Who have you checked on this week? Have you made sure someone has groceries? Have you dropped off peanut butter at the church, have you sent in your tithe, have you practiced sacrificial giving in any way?
Maybe you need to go further than that… Do you know someone who is unable to watch this sermon because they don’t have computer skills? If you are both healthy, why can’t you wear a mask and take your laptop or your tablet or even your phone and let them watch this fifteen minutes while you socially distance? If you are both in a vulnerable group, why can’t you call them and tell them what you heard or read or experienced today? Why can’t you call and sing a hymn with someone? Or pray with someone?
No, it’s probably not comfortable, but none of this IS comfortable! We are having to learn new things, and it’s pushing us out of our comfort zones, but with God’s help, every bit of this new existence can be used to glorify God in wonderful ways.
Being in Christian community doesn’t mean holding hands – it means loving each other.
There was a story awhile back (reported by the Associated Press) out of Kentucky that said: After struggling to start his car, he lifted the hood and discovered that someone had stolen the motor.
Without the fellowship of Christian believers, without surrounding ourselves by our brothers and sisters in Christ, and without the guidance and counsel of the Holy Spirit in every aspect of our lives – that story could well apply to us – without the fellowship of Christian believers, it’s like our motor has been stolen.
If you want to take that analogy a little further, think of God the Father as the vehicle, God the Holy Spirit as the motor, and God the Son Jesus Christ as the key. None will work without the other, and all are part of the same system, the vehicle, that keeps us going in the right direction.
Through the power of the Holy Spirit, given to us as a gift, we are empowered to be God’s people. Worship is an encounter with the living God through the risen Christ in the power of the Holy Spirit. And when the people of God gather, the Spirit is free to move us. Even if we have to gather differently for now. Gather means assemble and assemble means build, connect. When we connect – even if it’s not physically connect – however that looks for now – when we connect, we build the community of faith.

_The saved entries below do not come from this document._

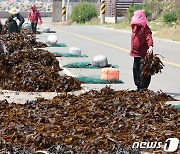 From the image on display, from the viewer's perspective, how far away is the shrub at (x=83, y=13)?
6103 cm

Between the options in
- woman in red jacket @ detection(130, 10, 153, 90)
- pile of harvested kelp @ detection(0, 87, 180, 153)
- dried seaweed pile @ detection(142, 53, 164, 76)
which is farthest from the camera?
woman in red jacket @ detection(130, 10, 153, 90)

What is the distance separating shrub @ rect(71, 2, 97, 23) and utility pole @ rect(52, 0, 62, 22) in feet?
6.27

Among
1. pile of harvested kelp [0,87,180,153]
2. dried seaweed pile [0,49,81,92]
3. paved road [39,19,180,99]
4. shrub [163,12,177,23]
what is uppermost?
pile of harvested kelp [0,87,180,153]

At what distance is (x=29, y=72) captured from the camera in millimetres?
13766

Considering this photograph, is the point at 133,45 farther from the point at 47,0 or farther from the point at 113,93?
the point at 47,0

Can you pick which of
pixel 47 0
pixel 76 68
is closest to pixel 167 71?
pixel 76 68

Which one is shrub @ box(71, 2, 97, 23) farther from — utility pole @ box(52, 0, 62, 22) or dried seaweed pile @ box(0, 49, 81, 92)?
dried seaweed pile @ box(0, 49, 81, 92)

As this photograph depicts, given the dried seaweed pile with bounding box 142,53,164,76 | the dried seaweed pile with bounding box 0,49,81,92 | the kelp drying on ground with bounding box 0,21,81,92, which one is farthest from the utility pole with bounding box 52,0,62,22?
the dried seaweed pile with bounding box 142,53,164,76

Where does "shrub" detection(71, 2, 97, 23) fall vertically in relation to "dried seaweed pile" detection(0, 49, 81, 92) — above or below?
below

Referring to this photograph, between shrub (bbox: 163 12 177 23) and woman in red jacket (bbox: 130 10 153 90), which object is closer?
woman in red jacket (bbox: 130 10 153 90)

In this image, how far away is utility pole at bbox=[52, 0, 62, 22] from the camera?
63.4 meters

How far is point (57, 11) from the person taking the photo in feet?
211

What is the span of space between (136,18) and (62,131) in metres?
4.91

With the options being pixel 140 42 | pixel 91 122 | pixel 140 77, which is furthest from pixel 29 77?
pixel 91 122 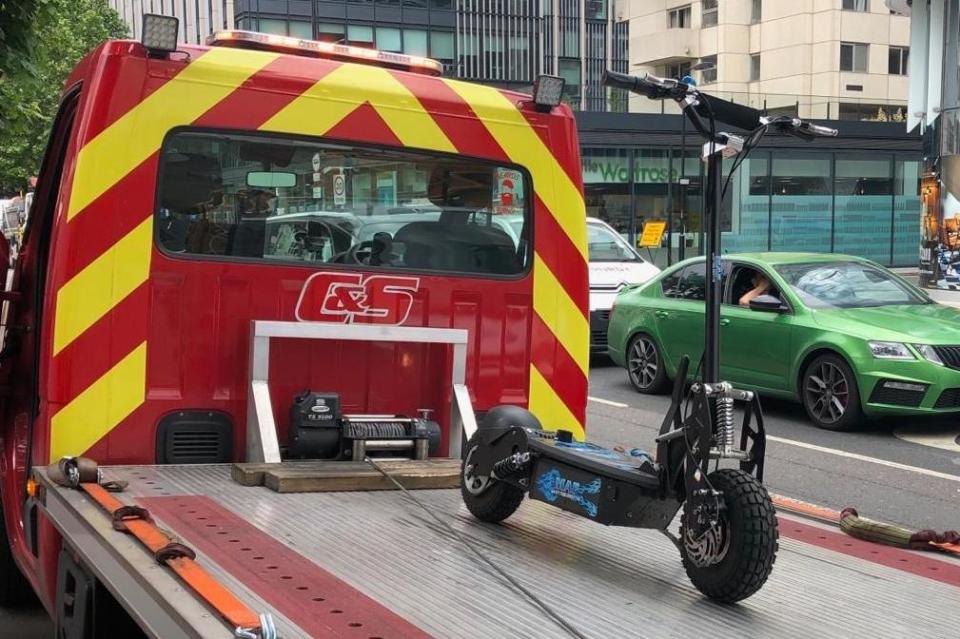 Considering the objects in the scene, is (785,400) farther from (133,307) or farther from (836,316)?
(133,307)

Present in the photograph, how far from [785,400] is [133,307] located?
28.2 feet

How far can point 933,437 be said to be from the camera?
392 inches

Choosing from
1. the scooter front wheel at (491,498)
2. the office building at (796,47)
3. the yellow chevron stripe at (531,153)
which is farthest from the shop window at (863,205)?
the scooter front wheel at (491,498)

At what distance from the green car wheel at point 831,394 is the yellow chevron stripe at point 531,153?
227 inches

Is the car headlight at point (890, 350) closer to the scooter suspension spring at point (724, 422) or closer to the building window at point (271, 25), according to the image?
the scooter suspension spring at point (724, 422)

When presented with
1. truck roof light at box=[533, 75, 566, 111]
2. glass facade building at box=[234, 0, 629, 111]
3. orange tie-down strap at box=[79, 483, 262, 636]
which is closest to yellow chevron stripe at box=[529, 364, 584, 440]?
truck roof light at box=[533, 75, 566, 111]

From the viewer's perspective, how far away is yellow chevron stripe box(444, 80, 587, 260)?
4.69 m

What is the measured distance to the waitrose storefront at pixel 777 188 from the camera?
34.8 metres

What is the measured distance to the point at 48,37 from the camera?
12914 millimetres

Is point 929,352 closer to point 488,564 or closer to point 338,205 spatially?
point 338,205

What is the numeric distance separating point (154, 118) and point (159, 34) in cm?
29

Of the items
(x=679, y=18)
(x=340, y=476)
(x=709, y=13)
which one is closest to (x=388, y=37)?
(x=679, y=18)

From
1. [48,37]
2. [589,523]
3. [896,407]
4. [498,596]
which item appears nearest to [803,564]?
[589,523]

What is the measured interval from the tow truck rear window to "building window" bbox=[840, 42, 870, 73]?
177 feet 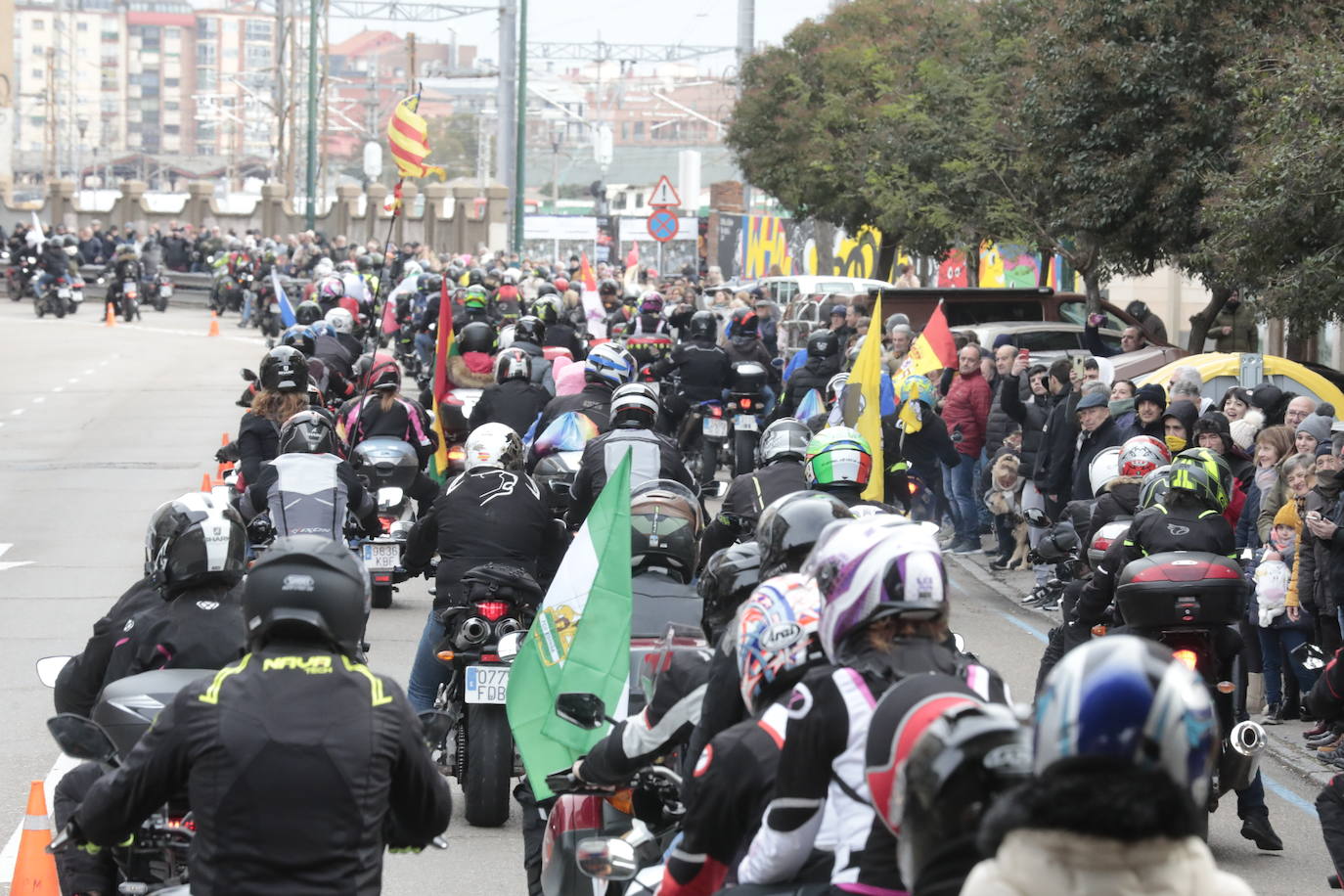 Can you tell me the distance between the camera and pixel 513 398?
1491 cm

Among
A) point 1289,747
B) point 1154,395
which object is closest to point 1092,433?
point 1154,395

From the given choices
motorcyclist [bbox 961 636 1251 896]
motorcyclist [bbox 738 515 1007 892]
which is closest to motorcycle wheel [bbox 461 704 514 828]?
motorcyclist [bbox 738 515 1007 892]

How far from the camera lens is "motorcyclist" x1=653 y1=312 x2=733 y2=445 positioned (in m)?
19.4

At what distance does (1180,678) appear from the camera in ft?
9.58

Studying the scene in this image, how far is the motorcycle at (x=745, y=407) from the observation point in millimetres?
Result: 19469

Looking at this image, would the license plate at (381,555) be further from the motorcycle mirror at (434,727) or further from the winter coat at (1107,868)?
the winter coat at (1107,868)

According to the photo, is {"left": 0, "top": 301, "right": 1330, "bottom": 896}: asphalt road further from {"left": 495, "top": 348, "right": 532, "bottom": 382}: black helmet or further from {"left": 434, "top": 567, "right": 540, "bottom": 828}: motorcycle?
{"left": 495, "top": 348, "right": 532, "bottom": 382}: black helmet

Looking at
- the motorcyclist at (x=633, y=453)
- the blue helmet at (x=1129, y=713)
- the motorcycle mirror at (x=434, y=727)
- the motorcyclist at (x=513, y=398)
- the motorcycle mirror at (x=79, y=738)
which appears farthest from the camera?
the motorcyclist at (x=513, y=398)

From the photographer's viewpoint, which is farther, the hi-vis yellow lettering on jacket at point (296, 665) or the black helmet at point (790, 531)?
the black helmet at point (790, 531)

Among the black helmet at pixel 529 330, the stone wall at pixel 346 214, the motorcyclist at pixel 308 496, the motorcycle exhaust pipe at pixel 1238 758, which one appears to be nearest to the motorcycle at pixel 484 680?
the motorcyclist at pixel 308 496

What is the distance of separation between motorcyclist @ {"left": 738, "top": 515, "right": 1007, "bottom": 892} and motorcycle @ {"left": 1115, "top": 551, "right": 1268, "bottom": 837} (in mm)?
3777

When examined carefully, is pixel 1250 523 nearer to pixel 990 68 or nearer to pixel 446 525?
pixel 446 525

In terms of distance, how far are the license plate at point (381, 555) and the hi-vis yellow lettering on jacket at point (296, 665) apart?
838cm

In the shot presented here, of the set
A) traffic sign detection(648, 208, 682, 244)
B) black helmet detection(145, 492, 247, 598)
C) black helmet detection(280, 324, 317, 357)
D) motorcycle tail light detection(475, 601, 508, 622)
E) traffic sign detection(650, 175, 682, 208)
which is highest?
traffic sign detection(650, 175, 682, 208) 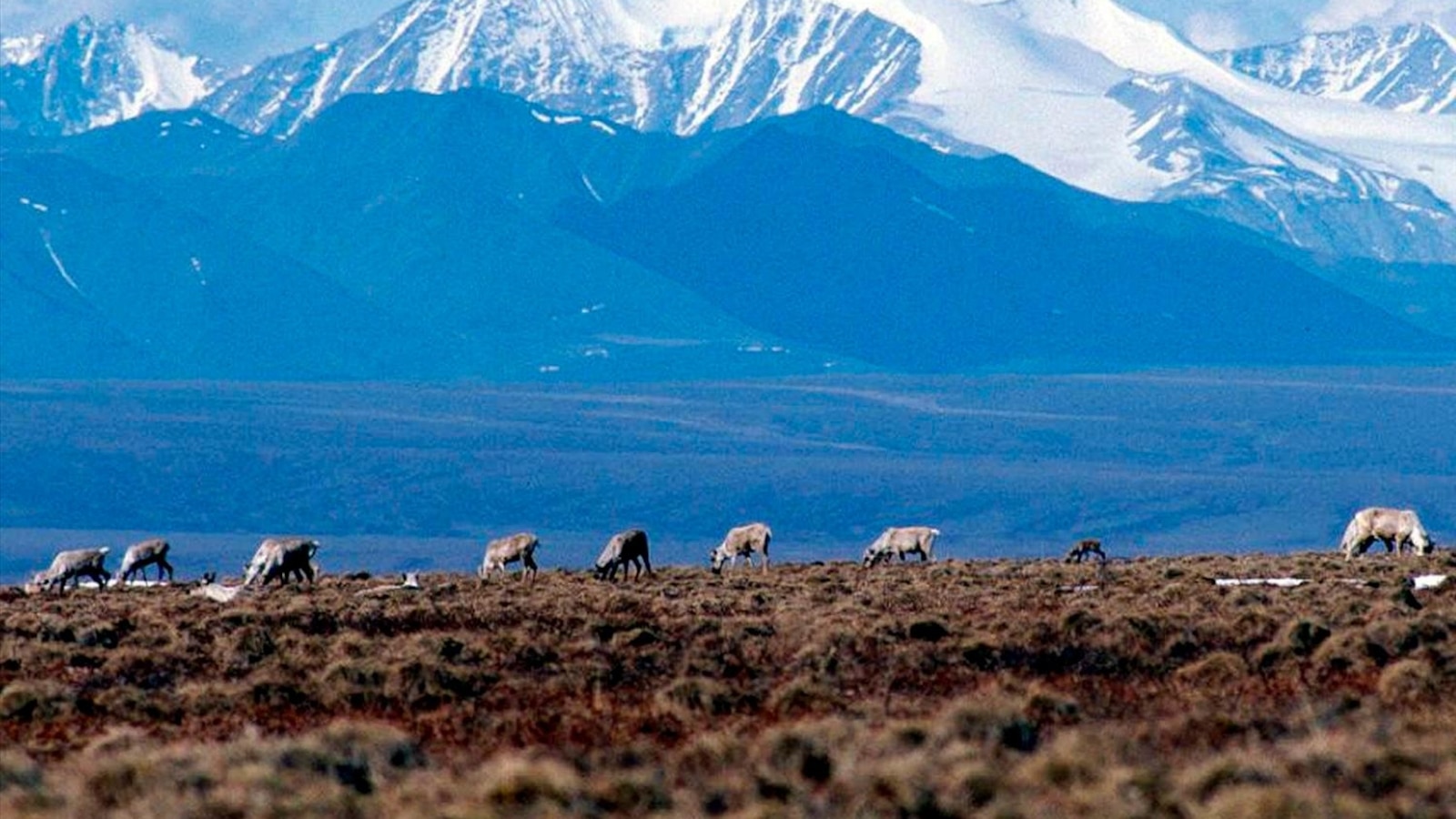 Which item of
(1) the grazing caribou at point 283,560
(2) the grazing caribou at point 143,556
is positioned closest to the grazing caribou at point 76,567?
(2) the grazing caribou at point 143,556

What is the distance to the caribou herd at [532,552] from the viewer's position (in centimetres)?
4444

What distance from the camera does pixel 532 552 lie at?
1903 inches

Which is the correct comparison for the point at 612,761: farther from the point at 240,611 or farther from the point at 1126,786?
the point at 240,611

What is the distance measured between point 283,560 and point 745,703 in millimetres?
21582

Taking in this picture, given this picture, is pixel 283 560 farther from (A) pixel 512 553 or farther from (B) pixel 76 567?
(A) pixel 512 553

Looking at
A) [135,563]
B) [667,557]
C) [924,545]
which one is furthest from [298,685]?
[667,557]

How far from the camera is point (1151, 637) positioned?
95.7 feet

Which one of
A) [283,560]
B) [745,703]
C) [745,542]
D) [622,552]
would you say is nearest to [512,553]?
[622,552]

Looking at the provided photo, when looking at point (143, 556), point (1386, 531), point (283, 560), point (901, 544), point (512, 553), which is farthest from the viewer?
point (901, 544)

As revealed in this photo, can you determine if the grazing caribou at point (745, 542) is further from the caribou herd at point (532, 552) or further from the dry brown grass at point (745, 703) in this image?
the dry brown grass at point (745, 703)

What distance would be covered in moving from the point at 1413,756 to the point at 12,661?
58.4ft

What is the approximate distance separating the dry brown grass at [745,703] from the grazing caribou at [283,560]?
3201 mm

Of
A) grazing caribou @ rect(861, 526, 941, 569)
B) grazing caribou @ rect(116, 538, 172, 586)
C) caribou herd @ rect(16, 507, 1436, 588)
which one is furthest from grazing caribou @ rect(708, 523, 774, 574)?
grazing caribou @ rect(116, 538, 172, 586)

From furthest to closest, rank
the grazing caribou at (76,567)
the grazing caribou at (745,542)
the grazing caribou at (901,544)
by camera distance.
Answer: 1. the grazing caribou at (901,544)
2. the grazing caribou at (745,542)
3. the grazing caribou at (76,567) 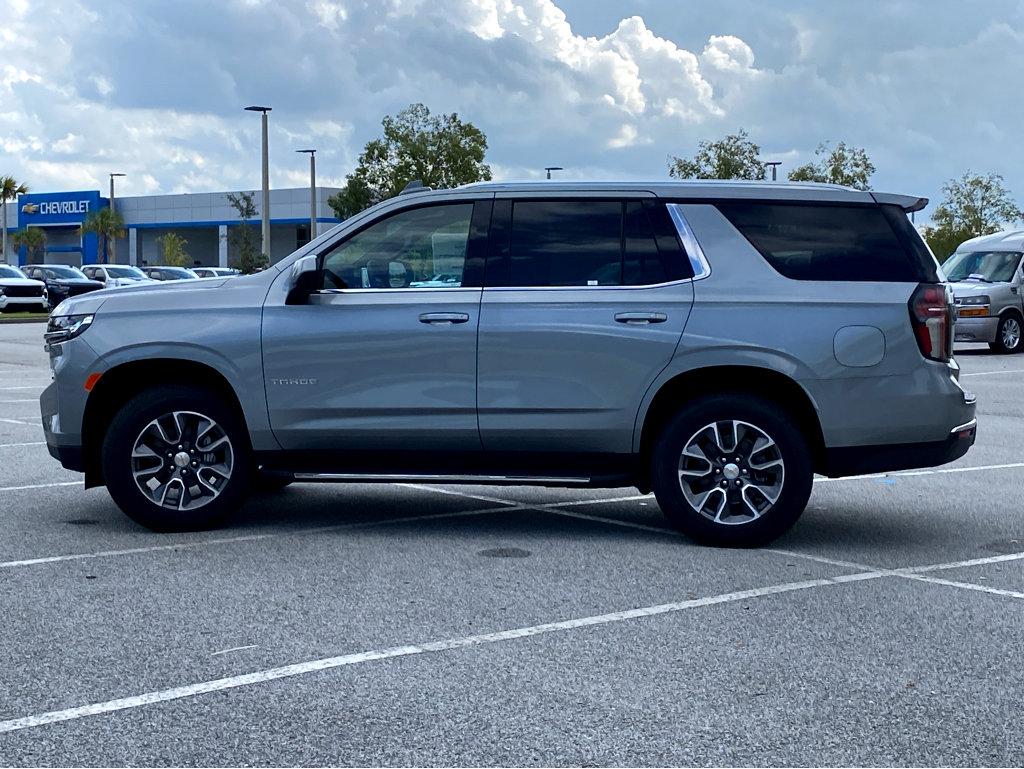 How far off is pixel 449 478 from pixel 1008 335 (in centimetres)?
2115

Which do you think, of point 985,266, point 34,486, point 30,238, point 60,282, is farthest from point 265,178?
point 30,238

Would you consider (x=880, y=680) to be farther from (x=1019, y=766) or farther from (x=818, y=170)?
(x=818, y=170)

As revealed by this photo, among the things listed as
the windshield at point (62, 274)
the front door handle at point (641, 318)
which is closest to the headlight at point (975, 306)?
the front door handle at point (641, 318)

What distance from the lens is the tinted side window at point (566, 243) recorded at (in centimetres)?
785

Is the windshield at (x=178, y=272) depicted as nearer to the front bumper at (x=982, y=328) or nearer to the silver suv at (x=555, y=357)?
the front bumper at (x=982, y=328)

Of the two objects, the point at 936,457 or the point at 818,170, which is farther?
the point at 818,170

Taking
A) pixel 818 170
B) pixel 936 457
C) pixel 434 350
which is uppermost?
pixel 818 170

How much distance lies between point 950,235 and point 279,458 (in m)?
61.5

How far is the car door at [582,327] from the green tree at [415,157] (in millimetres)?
50385

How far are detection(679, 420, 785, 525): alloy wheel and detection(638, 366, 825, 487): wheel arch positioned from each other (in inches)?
9.5

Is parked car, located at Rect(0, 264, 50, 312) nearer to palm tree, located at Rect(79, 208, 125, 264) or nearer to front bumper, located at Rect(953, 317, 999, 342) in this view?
front bumper, located at Rect(953, 317, 999, 342)

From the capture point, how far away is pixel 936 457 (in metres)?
7.66

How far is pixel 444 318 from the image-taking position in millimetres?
7797

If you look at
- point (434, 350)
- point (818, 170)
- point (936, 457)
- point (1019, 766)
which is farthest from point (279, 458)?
point (818, 170) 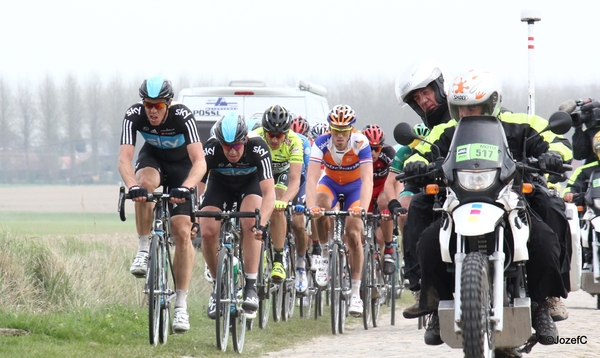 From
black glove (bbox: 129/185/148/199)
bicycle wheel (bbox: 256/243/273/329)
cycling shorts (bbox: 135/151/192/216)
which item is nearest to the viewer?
black glove (bbox: 129/185/148/199)

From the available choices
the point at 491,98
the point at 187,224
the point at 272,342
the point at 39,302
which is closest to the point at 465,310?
the point at 491,98

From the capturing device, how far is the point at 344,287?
462 inches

So the challenge and the invitation is to gather. We simply cannot be in this relationship alone. We weren’t designed for it, weren’t hard wired for it, and aren’t called to it alone.
God’s presence is in the Body of Christ… and we are devoted to the fellowship of community, devoted to the community of faith, devoted to the work of the Body in making disciples of Jesus Christ for the transformation of the world.